Pavel Trávnicek liest aus "Drei Haselnüsse für den Prinzen"
"Jan Líbíček, ein bekannter Schauspieler, spielte den Präzeptor der königlichen Familie. Sein 100-Kilogramm Übergewicht brachte einige Probleme mit sich. Fiel er vom Pferd, brauchte es mehrere starke Männer, um ihn aus dem kniehohen Schnee zu befreien."
Der Kampf mit dem Schnee war eine Kleinigkeit, gegen andere Kämpfe, die die tschechischen Macher auszufechten hatten.
Filmausschnitt
"Du faulenzt ja schon wieder. Auskehren sollst Du!"
Aschenbrödel wurde Symbolfigur der Selbstermächtigung und Befreiung von willkürlichen Bevormundungen und Rollenzuschreibungen.
"Hör sofort auf!"
Rolf Giesen, Filmwissenschaftler
"Plötzlich waren die Märchenfilm auch Filme, die Widerstand zeigten. Damals, das war ja nach dem Prager Frühling, waren zeitkritische Filme verboten in Prag, das konnte man nicht machen. Und der Autor dieses Films durfte ja nicht genannt werden."

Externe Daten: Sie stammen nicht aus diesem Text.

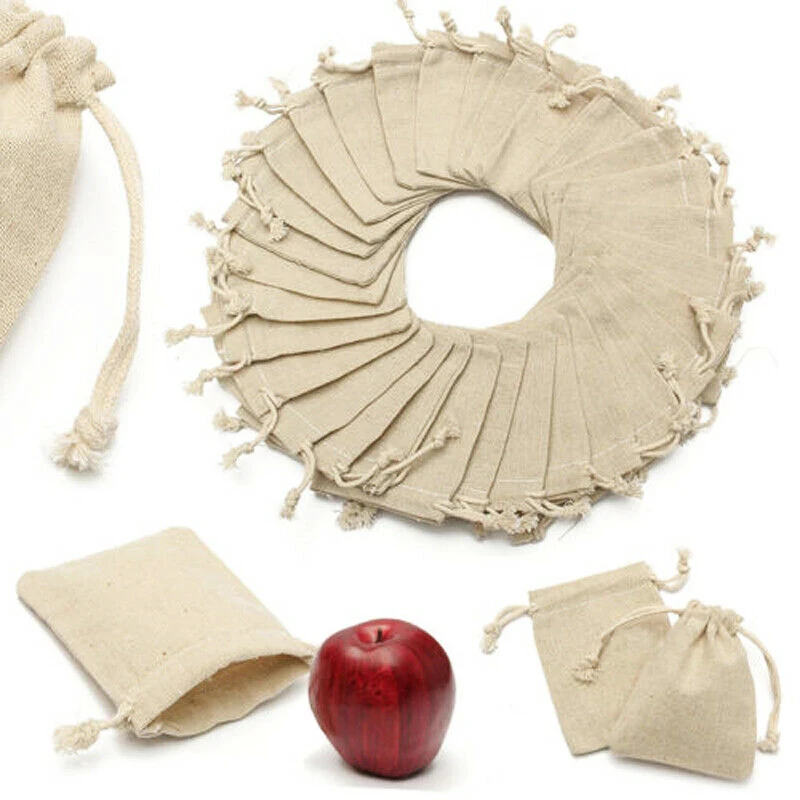 

Useful 10pcs Linen Drawstring Wedding Party Bag Accessory Kitchen Storage Bags 15*20CM Home Garden Supplies Small Bag Storage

Václav Vorlíček, Regisseur "3 Haselnüsse für Aschenbrödel"
"Dr. Pavlicek war nach 1968 auf der schwarzen Liste des Regimes, denn er hatte öffentlich gegen das protestiert, was die Sowjets uns hier angetan hatten. Er verlor seinen Posten als Theaterintendant und hatte plötzlich keinerlei Einkünfte mehr. Als er das Aschenbrödel geschrieben hatte, übergab er es Dramaturgin Bohumila Zelenkowa."
Sie gab das Honorar an den eigentlichen Autor, František Pavlíček, weiter. In seiner Adaption verwandelte er Personen aus seinem vergifteten Umfeld und der tschechischen Geschichte zu komödiantischen Märchenfiguren – und ließ sie zeitlos und allgemeingültig werden.
Filmausschnitt
"Ich erwarte Bescheid, wenn sie am Wald auftauchen."
- "Ja"
Rolf Giesen, Filmwissenschaftler
"Das interessante ist ja, dass die böse Stiefmutter von einer Deutschen gespielt wird.“
Filmausschnitt
"Macht schon, verschwindet!"
- "Das wird wieder Aschenbrödel sein."
Rolf Giesen, Filmwissenschaftler
"Das ist auch ein bisschen Berechnung. Die Guten und die Bösen. Das hat das tschechische Publikum schon erkannt, damals hat man ja zwischen den Zeilen nicht nur gelesen, sondern gesehen. Der Prinz konnte natürlich wieder nur ein… Tscheche sein."
Und alles wird von einer komödiantischen Luftigkeit getragen, die leichte und schwere Missverständnisse mit einem Lächeln auflöst.
Filmausschnitt
"Wie ich sehe, habe ich den Geschmack des Prinzen bisher überhaupt nicht gekannt…"
Rolf Giesen, Filmwissenschaftler
"Man kann es heute nicht besser machen. Man hat heute bessere Technik, man könnte bessere Effekte machen aber man kann den Film nicht mehr so gut machen, wie er war, weil er unter einer ganz besonders speziellen Situation entstanden ist."
Auch nach 50 Jahren strahlt gerade dieser Film inmitten der weißen Kälte die schönste Wärme aus, weil es nicht nur um Schönheit geht, sondern um Menschlichkeit.